TASK TO COMPLETE :: Only the stretch below from the line holding "This is one" through the line holding "Then we have" should be restated, word for word and with both ends included; pictures stay out.

TASK INPUTS ::
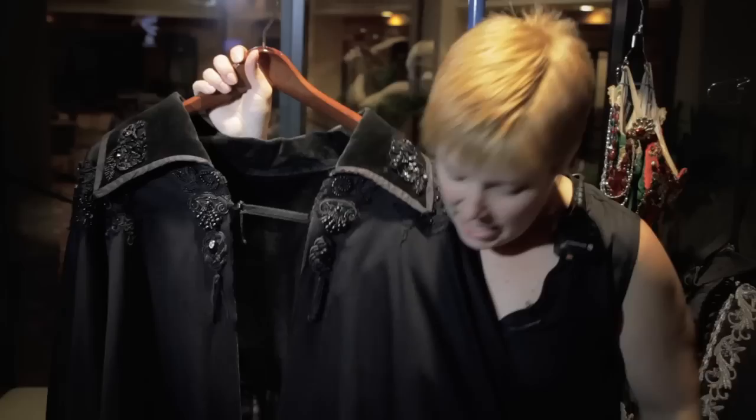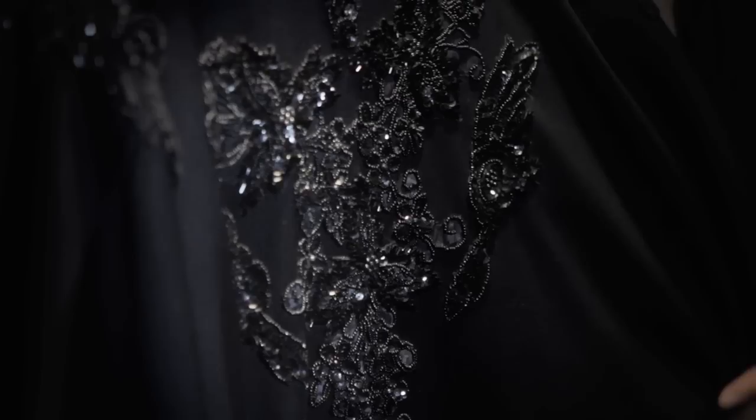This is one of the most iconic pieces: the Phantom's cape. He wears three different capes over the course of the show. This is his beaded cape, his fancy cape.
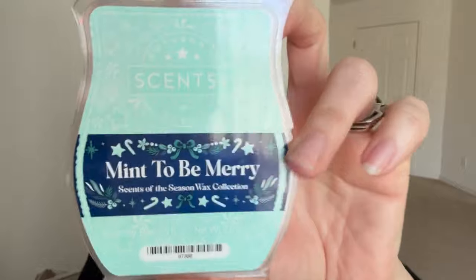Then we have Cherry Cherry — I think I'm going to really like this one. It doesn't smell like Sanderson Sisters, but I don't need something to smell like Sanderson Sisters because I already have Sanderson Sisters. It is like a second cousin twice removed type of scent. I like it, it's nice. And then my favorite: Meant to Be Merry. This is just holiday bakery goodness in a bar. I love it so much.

--

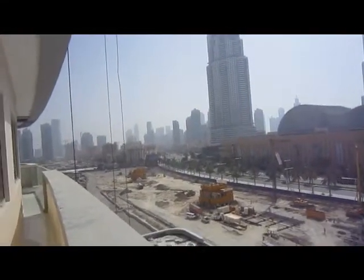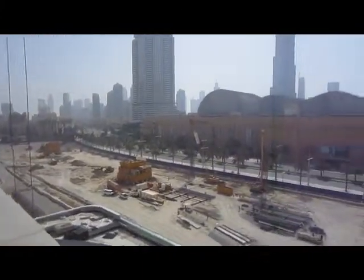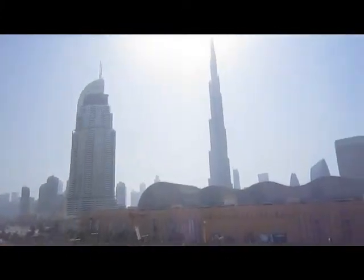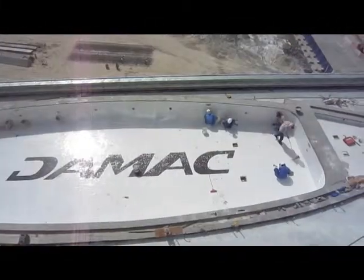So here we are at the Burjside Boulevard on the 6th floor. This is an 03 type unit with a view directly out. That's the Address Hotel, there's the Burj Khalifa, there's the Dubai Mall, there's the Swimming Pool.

EXPECTED OUTPUT ::
This is one of the most iconic pieces: the Phantom's cape. He wears three different capes over the course of the show. This is his beaded cape, his fancy cape.
Then we have Cherry Cherry — I think I'm going to really like this one. It doesn't smell like Sanderson Sisters, but I don't need something to smell like Sanderson Sisters because I already have Sanderson Sisters. It is like a second cousin twice removed type of scent. I like it, it's nice. And then my favorite: Meant to Be Merry. This is just holiday bakery goodness in a bar. I love it so much.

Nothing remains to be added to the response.